The problem:
In the entries below, begin at the line with "watapparel watapparel T-Shirt" and stop after the line with "1 Stück Handgefertigter"; output those lines exactly and omit the pictures.

The data:
╔══

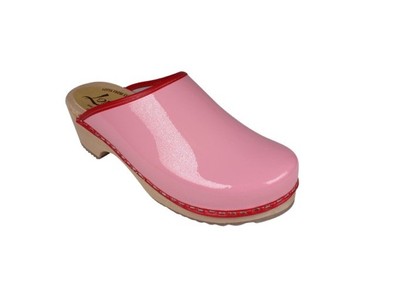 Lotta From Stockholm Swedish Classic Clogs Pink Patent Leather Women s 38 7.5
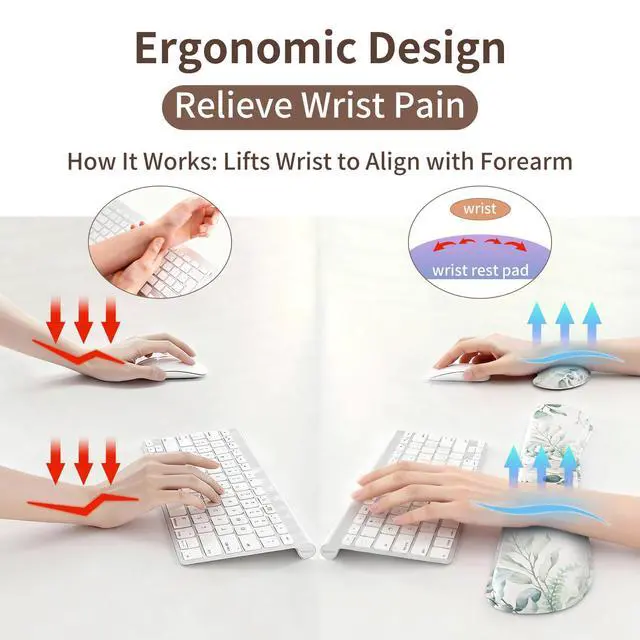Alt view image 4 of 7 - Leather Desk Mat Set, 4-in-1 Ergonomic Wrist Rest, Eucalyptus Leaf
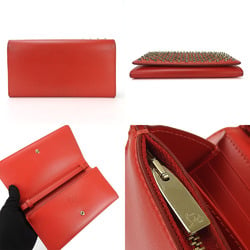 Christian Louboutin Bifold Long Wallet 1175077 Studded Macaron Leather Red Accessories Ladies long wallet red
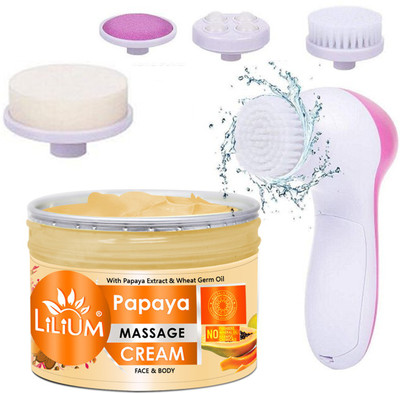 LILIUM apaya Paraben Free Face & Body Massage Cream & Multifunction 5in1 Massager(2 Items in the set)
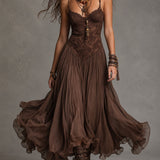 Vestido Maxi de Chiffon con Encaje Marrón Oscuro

╚══
╔══

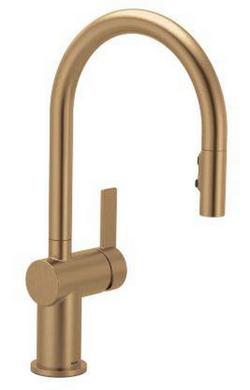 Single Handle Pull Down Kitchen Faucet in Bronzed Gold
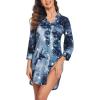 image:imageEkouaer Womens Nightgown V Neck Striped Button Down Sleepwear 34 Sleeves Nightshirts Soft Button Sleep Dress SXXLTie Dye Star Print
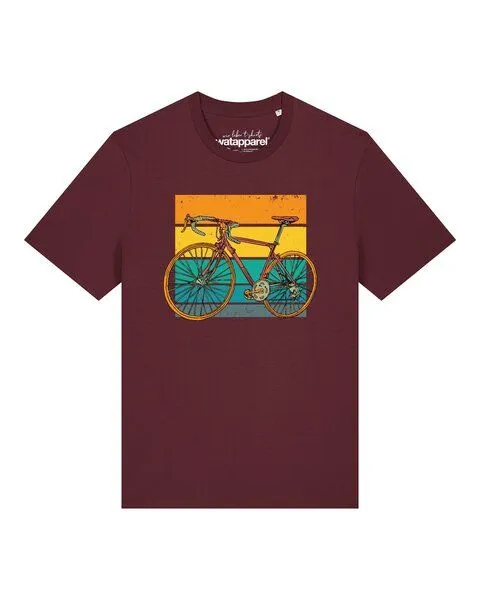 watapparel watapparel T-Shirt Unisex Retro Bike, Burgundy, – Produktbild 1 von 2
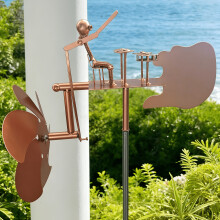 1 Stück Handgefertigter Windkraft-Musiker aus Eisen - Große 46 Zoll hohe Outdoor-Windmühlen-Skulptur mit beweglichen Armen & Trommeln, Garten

╚══

Output for this exercise:
 watapparel watapparel T-Shirt Unisex Retro Bike, Burgundy, – Produktbild 1 von 2
 1 Stück Handgefertigter Windkraft-Musiker aus Eisen - Große 46 Zoll hohe Outdoor-Windmühlen-Skulptur mit beweglichen Armen & Trommeln, Garten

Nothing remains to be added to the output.